Gasifiers are the newest technology for wood burning right now. I wanted to burn coal since it is so cheap around my area. so the gasifier was out. 

AHS, www.newhorizoncorp.com and H.S. Tarm all make one. Although the Tarm is more $$ than the others and won't handle large pices of wood. 

Atleast you have plenty of time to do some good research before you are going to buy since you are going to hold off a while. Good luck with whichever one you buy.


----------



## catmando (Dec 18, 2004)

Chief: The New York state report was well written. I think that most of the information is fairly trust worthy. Trouble with most manufacturers is that they give statistics based upon controlled tests. Which may or may not reflect the actual installed operation.

I would bet that in a few years the OWB will feel the pressure of the bad publicity and start improving their products. I don't think that it would take much to put a catalyst in the exhaust gas stream and really improve the efficiency and emmisions.


----------



## Live Oak (Dec 22, 2003)

Hi Carl! Haven't seen you post in a few months. Great to see you back. I thought the report was well written too. It covered a lot of areas I had not initially thought of plus the list of link to manufacturers was helpful as well.


----------



## bennyhill (Feb 19, 2021)

Hello to all!!
It would be Awesome if y'all had some pictures of these boilers, and all the other names y'all have commented on..
poor man here so I have thought to put up a wood burning stove out side and run a copper coil in side of it to make hot water and heat my home.


----------



## pogobill (Jan 31, 2012)

There are links in the above posts that have pictures.
This one for instance.




__





Classic Outdoor Wood Furnace | Central Boiler


Central Boiler's Classic series of wood furnaces are easy to load and operate while maintaining durability, quality, performance, and maximum efficiency.




centralboiler.com





Or have a look at something like this.








heating water with a wood stove


Apart from simply popping a kettle or pan onto the top of your stove, how else can your woodstove heat water?




salamanderstoves.com





Why not put the wood stove in the house to heat the water? It will heat your home as well. Also could put a system of black pipe on the roof to give you solar heated water in the summer. That would cut back on burning wood in the house in the summer to heat the water, and running the air conditioner to keep the house cool!  

We used the idea you are talking about, years ago.
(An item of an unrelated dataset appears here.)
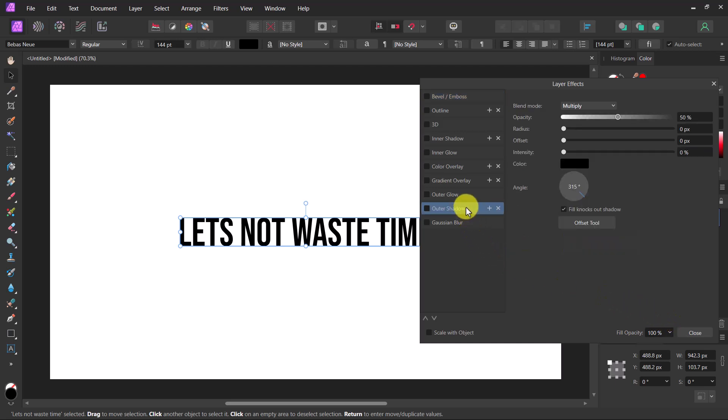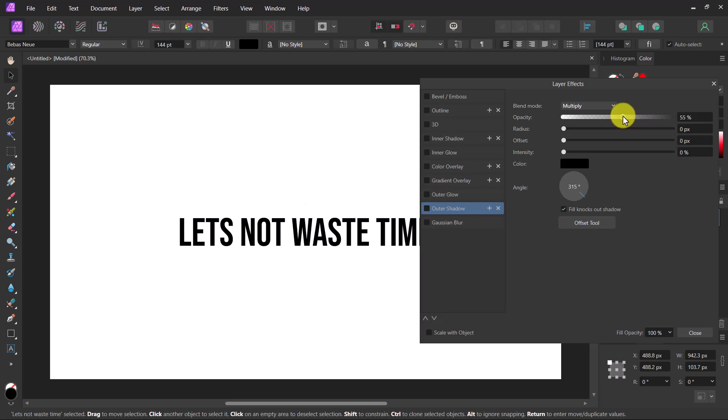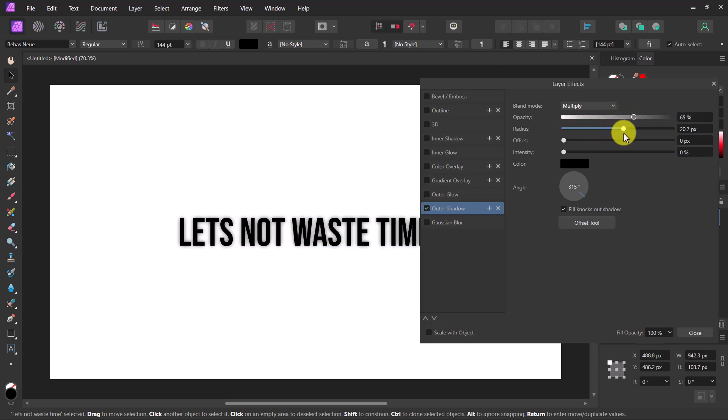You'll see a bunch of handy sliders you can use to customize your shadow. Move the Opacity slider to make the shadow more or less visible. Use the Radius slider to control how blurred or sharp the shadow is.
Referred to as coil stoves. We used them to keep our drill water from freezing in the winter time when we were out in the bush developing mines. Used a coil stove which looked like a 55 gallon drum with a 6 or 8 inch skin of concrete on the inside to hold the heat, with a coil of pipe embedded in it. We just used a 100 pound propane bottle and a weed burner to provide the fire and a 1 inch heavy duty mining hose wrapped in insulation and poly to transport the water to the mine site, via a big old piston pump set up on the lake ice. Similar set up to this








Waterline Heater - Thermex Engineered Systems Inc







thermex-systems.com


----------



## marc_hanna (Apr 10, 2017)

I have both a combo wood/oil boiler and a sealed fire place. The boiler is in my garage with lines running into my house and the fireplace is inside the house.

The is not a high efficiency unit. Between the two I’m burning 10 cord. And yes, there is labour involved. The house is about 4,000 square feet and we get temps down to -25C in the winter. The garage is about 2,000 sqaure feet amd is kept just above freezing from the ‘bleed off’ heat. The sealed fore place produces great heat to heat the main and 2nd floors with very little wood, whereas the boiler serves mainly to heat the concrete slab below grade and uses about 3/4 of the wood. But my house is always toasty.


----------